Он посмотрел на нее; какое-то мгновение его лицо выглядело изумленным. Затем он вздохнул и вытянулся на постели. Она дала ему достойный ответ, это звучало правдиво, особенно потому, что свобода так долго преобладала над всеми ее чувствами.

— Но, Барби, я точно так же был беспомощным и порабощенным, — сказал он тихо. — Ты должна научиться доверять мне, а я — тебе.
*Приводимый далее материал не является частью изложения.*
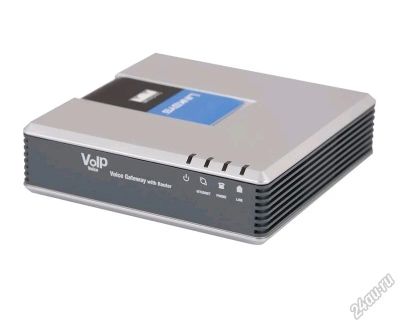 Лот: 6087721. Фото: 1. Шлюз IP-телефонии Linksys SPA3102. Маршрутизаторы (роутеры)
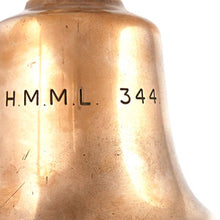 Load image into Gallery viewer, Coastal Forces Ship’s Bell from HM Motor Launch 344, 1941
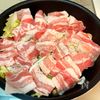 『フライパンで10分』豚バラと白菜のコンソメチーズ蒸し煮の工程3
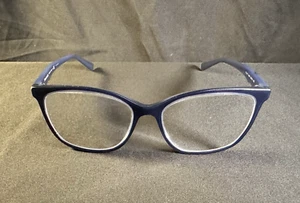Tiffany & Co. TF 2175 8191 Dark Blue Square Eyeglasses Frames 54-16-140 - Picture 1 of 12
То, чем мы поделимся друг с другом, каждый из нас может использовать против другого.

— Если мы поделимся. — Голос Барбары звучал твердо. Она вспомнила о целой веренице других женщин, которые прихорашивались, выслушивая лесть Альфреда. Не слышала ли каждая из них те же спокойные слова?
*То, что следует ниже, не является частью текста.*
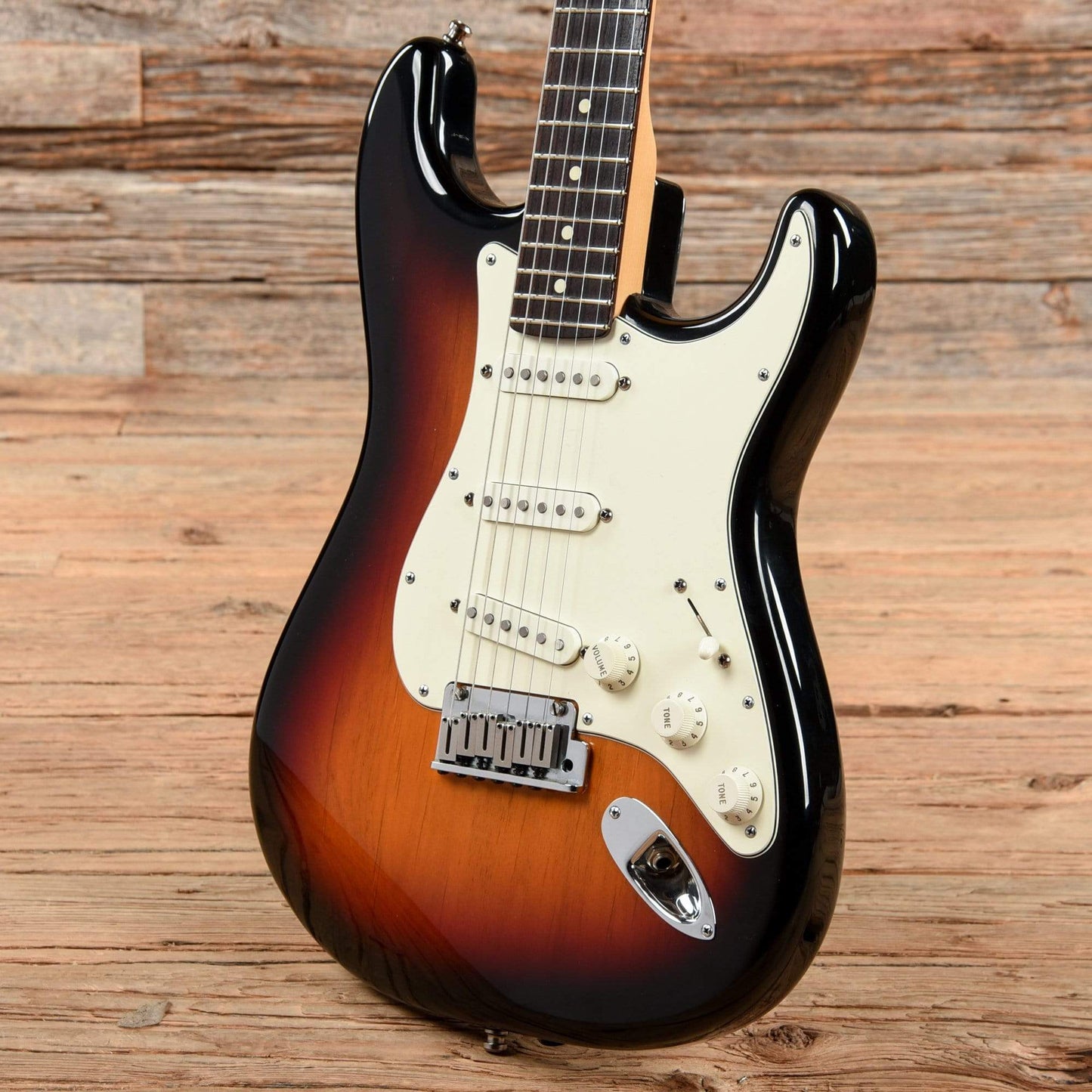 Fender American Standard Stratocaster Sunburst 2003 Electric Guitars / Solid Body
Альфред совершенно неверно понял ее, связав упрек с ее безрассудным поведением перед близостью.

— Если ты огорчилась, потому что чувствовала гнев, ускользая от меня, в то время, как я хотел дать тебе удовольствие…

— Какой гнев? — перебила Барбара, удивившись настолько, что даже села. Затем она испытала еще большее недоумение, когда темная кожа Альфреда покраснела.
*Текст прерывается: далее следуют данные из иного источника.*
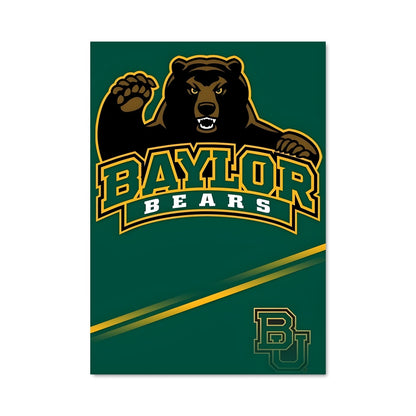 Poster Baylor bears 58909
— Мне не следовало позволять твоему отцу доставлять тебе подарок жениха, но…

— Я не рассердилась, — засмеялась она. — Я едва не встала на колени и не поблагодарила Бога за твой здравый смысл. Те, кто любит меня, едва не прослезились, а завистники облизывались, довольные моим позором, когда пришло время идти в церковь, а никакого подарка не прибыло. — Она наклонилась и коснулась его лица, став серьезной. — Я благодарю тебя, милорд. Ты был великодушен, подавив свою гордость, чтобы не причинить мне обиды. Могу ли я сердиться?

Она казалась искренней, но женщины придают такое значение сокровищам, которые напоминают о великих днях в их жизни… Альфред почувствовал, что должен выяснить все до конца.

— Я, конечно, верну их твоему отцу, а ты сможешь выбрать у ювелира все, что захочешь, — поспешно горячо заверил он.

— О, я думаю, отец вряд ли собирается носить драгоценности своей матери.

Барбара почувствовала разочарование. Она всегда жаждала иметь это ожерелье и браслеты. Никто не смог бы сделать ничего подобного этим украшениям, не просто прекрасным, но волшебным. Поговаривали, будто в них зашифрованы какие-то магические заклинания, только некому верно разгадать их.

— Нет, любимая, нет! — Альфред тоже сел и обнял ее одной рукой. — Они — твои. Во всяком случае, Норфолк берег их именно для тебя. Но когда я вспомнил — слишком поздно, после того как потратил несколько часов на это глупое празднование, вместо того, чтобы попытаться найти для тебя что-то стоящее, — твой отец предложил преподнести украшения как мой подарок. Я сказал только, что верну их, потому что боялся, что ты всегда будешь чувствовать себя обманутой, не получив ничего от меня. Но ты не будешь. Я клянусь.

— В этом я тебе доверяю. — Барбара громко засмеялась и положила голову ему на плечо. — Никто и никогда не называл тебя невеликодушным, Альфред. — Потом вдруг она выпрямилась и отодвинулась от него, чтобы ясно видеть лицо своего мужа. — Было о чем беспокоиться? Глупец! Ты испугал меня до полусмерти тем, как ты глядел на меня весь день, словно какое-то несчастье постигло нас, но ты не осмеливаешься сказать мне о том, что произошло.

— Я напугал тебя до смерти? — с негодованием повторил Альфред. — А как ты посмотрела на меня, когда я взял твою руку у алтаря? Я подумал, что ты отречешься от меня прямо там, в соборе.

— Какое отношение ты имел к моей обеспокоенности? — раздраженно спросила Барбара. — Король…

— Я был женихом! — прервал Альфред с высокомерным негодованием. — Вообще допускается, что невеста выглядит испуганной у алтаря, но причиной является человек, который будет ее мужем.

Барбара снова расхохоталась.

— Тебе следовало бы знать меня получше! Мы были друзьями больше десяти лет. Мне нужно быть идиоткой, чтобы внезапно испугаться тебя.

На мгновение Альфред почувствовал себя глупо, и не из-за того, что огорчился по поводу подарка, а из-за своих бессмысленных страхов потерять ее навсегда. Она была с ним так непринужденна, не пытаясь прикрыть свою наготу, ее глаза, когда в них попадал отблеск свечей, сияли голубизной, а не холодным серым светом, так что Альфред едва не рассмеялся сам. Но затем он вспомнил ее напряженный голос, выкрикнувший: «Сделай это! Возьми меня и сделай это!» Контраст с тем, что она сказала, был слишком резок, чтобы просто отмахнуться. Он покачал головой.